P0005 is a kind of OBD-II Diagnostic P-Powertrain Diagnostic Trouble Code.
It is considered generic because it applies to all makes and models of vehicles, although specific repair steps may be different depending on your car model.
Symptoms of a P0005 diagnostic trouble code may include:
Faulty or damaged wiring
The engine oil will exhibit dilution from the ECUs attempts to increase engine temperature. Some vehicles advance the fuel injection timing slightly after top center to afterburn a small amount of fuel to increase exhaust temperatures. Some of this fuel enters the crankcase. When the ECU determines the necessity to regenerate the DPF, the service life of the oil be shortened significantly
Poor fuel economy
Hesitation upon acceleration
Possible Causes :
Some aftermarket accessories and performance modifications
A faulty oxygen sensor. This will set a code in itself, however, a faulty oxygen sensor does not automatically condemn the sensor. The code just means that the sensor signal was not within specifications. An air leak or any of the above will cause an erroneous signal. There is a multitude of O2 codes relating to O2 performance which gives a clue to the problematic area.

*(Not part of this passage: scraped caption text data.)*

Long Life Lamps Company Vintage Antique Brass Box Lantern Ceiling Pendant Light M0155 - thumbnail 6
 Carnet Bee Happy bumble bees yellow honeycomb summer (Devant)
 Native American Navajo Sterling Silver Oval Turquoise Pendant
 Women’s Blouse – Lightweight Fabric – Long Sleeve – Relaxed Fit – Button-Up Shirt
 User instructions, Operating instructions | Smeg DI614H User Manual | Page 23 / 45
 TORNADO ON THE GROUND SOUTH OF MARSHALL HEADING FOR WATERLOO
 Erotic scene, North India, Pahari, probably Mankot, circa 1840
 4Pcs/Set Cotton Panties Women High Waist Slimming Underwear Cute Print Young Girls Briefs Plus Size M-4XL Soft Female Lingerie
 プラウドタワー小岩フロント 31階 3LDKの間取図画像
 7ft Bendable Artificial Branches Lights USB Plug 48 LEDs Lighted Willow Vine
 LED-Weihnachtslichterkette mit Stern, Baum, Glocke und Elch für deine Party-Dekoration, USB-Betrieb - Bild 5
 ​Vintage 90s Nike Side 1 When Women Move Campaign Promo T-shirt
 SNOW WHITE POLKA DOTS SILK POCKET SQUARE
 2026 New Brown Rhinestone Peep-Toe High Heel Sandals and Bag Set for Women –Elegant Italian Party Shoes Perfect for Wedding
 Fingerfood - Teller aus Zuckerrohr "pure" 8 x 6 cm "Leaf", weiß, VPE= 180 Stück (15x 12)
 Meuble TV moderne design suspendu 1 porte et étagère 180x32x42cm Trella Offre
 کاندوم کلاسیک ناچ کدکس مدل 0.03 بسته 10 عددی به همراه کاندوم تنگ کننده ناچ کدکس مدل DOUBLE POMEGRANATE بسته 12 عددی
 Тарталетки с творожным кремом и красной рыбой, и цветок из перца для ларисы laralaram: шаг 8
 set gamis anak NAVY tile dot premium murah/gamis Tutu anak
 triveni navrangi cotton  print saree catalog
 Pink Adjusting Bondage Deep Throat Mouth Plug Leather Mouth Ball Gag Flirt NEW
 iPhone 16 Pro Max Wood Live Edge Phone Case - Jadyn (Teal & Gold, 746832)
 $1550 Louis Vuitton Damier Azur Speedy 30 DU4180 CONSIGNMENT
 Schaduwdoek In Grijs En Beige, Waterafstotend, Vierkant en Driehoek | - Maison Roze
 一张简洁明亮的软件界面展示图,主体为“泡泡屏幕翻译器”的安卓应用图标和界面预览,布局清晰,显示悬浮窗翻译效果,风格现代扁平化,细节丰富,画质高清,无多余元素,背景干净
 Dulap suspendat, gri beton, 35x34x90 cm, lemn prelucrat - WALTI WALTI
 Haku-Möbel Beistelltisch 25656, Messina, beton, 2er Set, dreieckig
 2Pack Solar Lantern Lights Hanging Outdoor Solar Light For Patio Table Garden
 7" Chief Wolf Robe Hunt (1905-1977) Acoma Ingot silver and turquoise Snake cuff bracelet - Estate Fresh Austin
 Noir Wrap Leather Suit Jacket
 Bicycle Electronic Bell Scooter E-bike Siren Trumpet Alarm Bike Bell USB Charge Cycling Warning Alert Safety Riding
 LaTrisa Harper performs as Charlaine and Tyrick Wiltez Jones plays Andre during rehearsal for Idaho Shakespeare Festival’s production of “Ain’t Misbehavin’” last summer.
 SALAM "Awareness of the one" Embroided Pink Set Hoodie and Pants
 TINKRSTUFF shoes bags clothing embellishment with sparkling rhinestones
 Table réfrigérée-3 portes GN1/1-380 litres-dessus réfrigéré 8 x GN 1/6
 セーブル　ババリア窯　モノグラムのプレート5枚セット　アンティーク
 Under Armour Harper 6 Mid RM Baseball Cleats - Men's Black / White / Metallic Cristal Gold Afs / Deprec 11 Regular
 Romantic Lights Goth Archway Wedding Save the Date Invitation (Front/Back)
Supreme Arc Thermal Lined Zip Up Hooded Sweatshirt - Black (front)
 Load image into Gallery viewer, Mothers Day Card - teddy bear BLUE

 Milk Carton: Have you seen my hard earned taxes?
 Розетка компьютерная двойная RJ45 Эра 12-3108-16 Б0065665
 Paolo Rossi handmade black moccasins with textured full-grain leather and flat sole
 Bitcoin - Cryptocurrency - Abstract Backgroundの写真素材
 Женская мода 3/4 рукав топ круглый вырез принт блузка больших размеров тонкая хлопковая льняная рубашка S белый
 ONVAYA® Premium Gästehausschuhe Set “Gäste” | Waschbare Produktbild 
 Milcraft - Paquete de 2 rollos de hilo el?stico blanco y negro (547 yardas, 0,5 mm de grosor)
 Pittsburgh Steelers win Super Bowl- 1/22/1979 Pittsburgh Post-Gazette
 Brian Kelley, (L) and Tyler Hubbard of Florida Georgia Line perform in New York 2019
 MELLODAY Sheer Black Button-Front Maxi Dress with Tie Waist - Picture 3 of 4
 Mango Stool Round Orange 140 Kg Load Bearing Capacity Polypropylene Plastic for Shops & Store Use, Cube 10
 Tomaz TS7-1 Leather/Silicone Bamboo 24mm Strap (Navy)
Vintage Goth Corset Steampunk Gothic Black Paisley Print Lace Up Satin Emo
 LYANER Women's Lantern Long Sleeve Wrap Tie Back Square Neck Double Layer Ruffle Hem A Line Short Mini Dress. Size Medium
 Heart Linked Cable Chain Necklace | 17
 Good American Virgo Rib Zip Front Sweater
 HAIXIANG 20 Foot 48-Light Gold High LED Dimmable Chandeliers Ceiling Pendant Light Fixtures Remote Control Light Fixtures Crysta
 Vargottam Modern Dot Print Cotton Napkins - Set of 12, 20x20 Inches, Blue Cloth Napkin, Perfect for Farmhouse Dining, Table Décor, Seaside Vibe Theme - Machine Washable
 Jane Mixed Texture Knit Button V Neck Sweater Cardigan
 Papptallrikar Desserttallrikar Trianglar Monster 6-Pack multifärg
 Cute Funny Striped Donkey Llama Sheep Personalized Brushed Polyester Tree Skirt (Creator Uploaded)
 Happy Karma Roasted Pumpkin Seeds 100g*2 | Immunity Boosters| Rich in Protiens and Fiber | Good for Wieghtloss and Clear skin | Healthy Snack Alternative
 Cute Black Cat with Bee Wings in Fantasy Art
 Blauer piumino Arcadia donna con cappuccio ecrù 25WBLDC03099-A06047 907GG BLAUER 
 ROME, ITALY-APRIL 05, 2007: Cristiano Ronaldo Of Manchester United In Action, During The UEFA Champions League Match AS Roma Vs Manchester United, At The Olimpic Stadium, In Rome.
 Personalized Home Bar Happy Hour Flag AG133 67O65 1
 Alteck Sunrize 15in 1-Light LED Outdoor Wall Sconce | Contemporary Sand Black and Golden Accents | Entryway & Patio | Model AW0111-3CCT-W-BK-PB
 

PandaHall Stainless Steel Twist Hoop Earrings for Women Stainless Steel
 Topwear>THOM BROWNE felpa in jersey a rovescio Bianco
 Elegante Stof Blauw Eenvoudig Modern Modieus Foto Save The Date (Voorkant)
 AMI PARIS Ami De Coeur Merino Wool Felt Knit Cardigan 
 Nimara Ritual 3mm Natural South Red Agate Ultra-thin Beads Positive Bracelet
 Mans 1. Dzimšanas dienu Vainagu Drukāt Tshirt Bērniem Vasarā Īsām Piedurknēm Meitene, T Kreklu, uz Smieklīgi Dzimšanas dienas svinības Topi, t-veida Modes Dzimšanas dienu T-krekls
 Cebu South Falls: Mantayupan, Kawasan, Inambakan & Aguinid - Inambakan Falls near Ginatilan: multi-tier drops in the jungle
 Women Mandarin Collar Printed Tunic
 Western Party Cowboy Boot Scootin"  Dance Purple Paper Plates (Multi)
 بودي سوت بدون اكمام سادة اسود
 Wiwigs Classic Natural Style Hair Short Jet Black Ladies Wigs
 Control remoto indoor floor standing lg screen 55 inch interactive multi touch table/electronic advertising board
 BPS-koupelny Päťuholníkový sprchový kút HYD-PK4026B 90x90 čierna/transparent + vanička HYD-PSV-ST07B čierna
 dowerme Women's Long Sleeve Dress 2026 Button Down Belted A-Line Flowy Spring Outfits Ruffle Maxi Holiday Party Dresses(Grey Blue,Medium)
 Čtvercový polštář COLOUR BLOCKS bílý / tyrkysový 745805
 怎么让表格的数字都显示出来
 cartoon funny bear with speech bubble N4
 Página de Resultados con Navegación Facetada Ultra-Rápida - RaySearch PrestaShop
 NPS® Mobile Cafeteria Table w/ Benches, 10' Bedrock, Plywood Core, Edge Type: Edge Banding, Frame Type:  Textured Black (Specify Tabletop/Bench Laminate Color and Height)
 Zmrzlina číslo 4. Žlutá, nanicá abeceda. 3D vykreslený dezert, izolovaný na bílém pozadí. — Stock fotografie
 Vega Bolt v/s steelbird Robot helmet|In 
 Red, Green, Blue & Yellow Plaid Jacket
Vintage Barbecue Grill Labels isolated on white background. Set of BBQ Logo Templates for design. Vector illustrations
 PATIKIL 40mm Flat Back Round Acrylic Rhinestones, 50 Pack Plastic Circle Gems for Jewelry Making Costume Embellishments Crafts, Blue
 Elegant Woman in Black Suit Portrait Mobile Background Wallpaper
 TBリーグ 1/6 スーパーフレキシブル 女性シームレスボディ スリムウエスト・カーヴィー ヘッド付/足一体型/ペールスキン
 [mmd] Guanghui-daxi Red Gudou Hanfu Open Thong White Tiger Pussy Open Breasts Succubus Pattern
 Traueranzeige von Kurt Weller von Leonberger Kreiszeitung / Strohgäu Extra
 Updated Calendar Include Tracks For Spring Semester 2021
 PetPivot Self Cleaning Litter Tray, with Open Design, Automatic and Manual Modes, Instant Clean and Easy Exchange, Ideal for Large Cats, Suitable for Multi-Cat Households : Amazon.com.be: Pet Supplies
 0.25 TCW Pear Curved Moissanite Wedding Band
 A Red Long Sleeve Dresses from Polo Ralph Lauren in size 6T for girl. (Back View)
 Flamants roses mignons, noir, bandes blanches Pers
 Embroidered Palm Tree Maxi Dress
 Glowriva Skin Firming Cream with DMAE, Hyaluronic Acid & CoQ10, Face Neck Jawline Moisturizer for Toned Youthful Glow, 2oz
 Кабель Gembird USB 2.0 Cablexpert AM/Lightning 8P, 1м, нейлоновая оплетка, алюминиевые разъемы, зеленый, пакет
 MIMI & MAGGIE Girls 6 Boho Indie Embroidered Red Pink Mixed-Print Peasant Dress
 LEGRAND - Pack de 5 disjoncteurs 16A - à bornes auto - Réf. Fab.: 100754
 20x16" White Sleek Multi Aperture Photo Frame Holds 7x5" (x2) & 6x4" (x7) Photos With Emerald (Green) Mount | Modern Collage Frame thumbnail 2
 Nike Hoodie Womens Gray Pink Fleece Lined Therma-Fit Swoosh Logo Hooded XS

A large vacuum leak would cause a massive amount of un-metered air to enter the intake manifold resulting in an overly lean mixture.
Repair Processes :
Look for missing ground strap or a rusty ground where the fuel tank is grounded to the frame. Check for damage to the wiring harness connector.
Use the DVOM to test resistance and continuity on all system circuits if actuator and sensor resistance levels are in compliance with manufacturer's specifications.
Diagnostic trouble code P0005 is not difficult to diagnose and repair. Thus, it always pays to have a qualified technician to look after your vehicle should this error code arise.
Diagnosing this code requires the engine to be in good running shape, without unmetered air entering the engine. If other codes that relates to misfiring condition, lean running or air entering the engine is present, then you must first fix those error codes before P0005.
Fortunately, P0005 is a fairly common OBD code, meaning that it applies to all makes and models of vehicles made after 1996.